A broad repertoire of alternatives to standard half-life factor replacements, including extended half-life products, bispecific antibodies, and rebalancing agents, is now readily available for clinical use in patients with severe inherited bleeding disorders. With robust data to back up their safety, the “real-world” use challenges, such as treatment of breakthrough bleeding events and drug-related adverse events, emerge. Steven W. Pipe, MD, will present data on management of breakthrough bleeding in patients on the small interfering RNA-based rebalancing therapy fitusiran (12:15 p.m. - 12:30 p.m., CC, Room 29). According to Dr. Pipe, prophylaxis with fitusiran “modulates thrombin generation by reducing antithrombin levels, providing effective bleed protection as well as allowing for markedly reduced doses of factor products needed to treat breakthrough bleeding events.”
Risk of thrombosis is also clinically impactful with the newer hemostatic agents. Data from the phase III Explorer 7 study on concizumab, an anti-tissue factor pathway inhibitor, will be presented on Monday (10:30 a.m. - 10:45 a.m., CC, Room 30). The high efficacy and lack of safety concerns in terms of thrombotic events should provide reassurance following the safety signals in the earlier stage trials. Along with the newly U.S. Food and Drug Administration-approved marstacimab, these drugs are a big step for patients with hemophilia B with inhibitors or those with other rare inherited disorders or bleeding of unknown cause.
New Clinical Entities
At #ASH24, innovation does not stop with drugs. Previously unrecognized biological entities, such as clonal hematopoiesis of indeterminate potential, have emerged as risk factors for common complications, like cancer-associated venous thromboembolism (VTE).

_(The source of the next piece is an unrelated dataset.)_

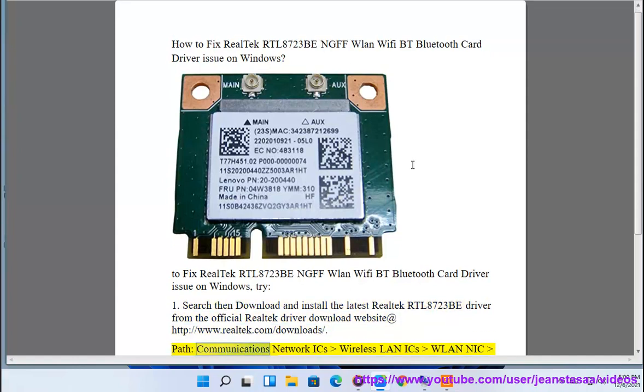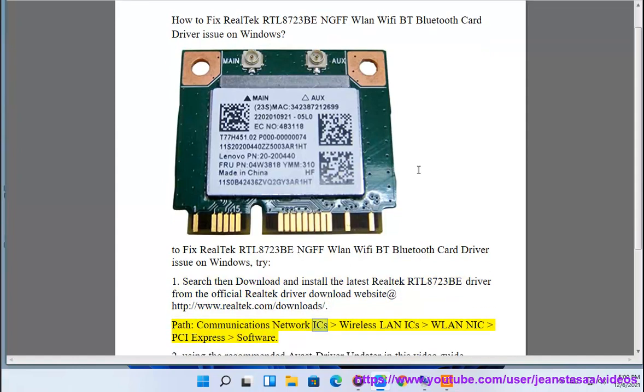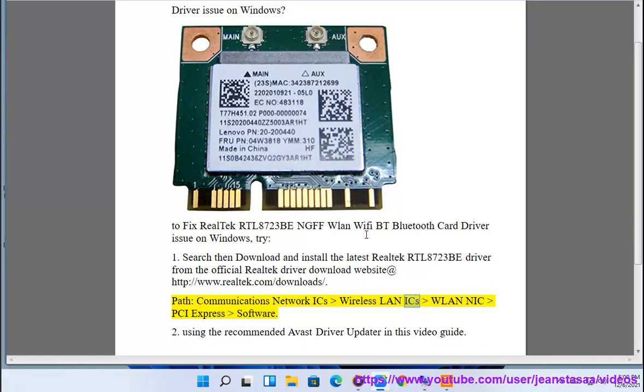Path: Communications Network ICs, Wireless LAN ICs, WLAN NIC, PCI Express, Software.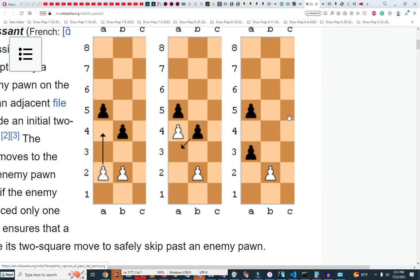So that's castling and en passant. That's it for this video. In the next video I'm going to present pawn promotion. I'll see you in the next video.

“Clonal hematopoiesis has been associated with decreased survival and risk of therapy-related myeloid neoplasms in lymphoma patients treated with autologous transplantation, and we now show an increased risk of [VTE], particularly in patients harboring mutations in PPM1D and TP53,” explained Radhika Gangaraju, MD, MSPH, who will present her research team’s study abstract this morning (9:45 a.m. – 10:00 a.m., CC, Room 24). “Testing for clonal hematopoiesis at the time of autologous transplant may help in identifying high-risk populations for targeted interventions.” Dr. Gangaraju will also serve as moderator of a morning session during which her work will be highlighted. This must-attend session will showcase a broad spectrum of highly selected clinical cohorts and population studies exploring the effect of non-driver genetic variants and germline genetic modifiers in the determination of VTE and cardiovascular risk (9:30 a.m. - 11:00 a.m.)
Get ready to be blown away by the blend of old and new in classical hematology and experience how making the most of the staples can be as exciting as experimenting with new ingredients!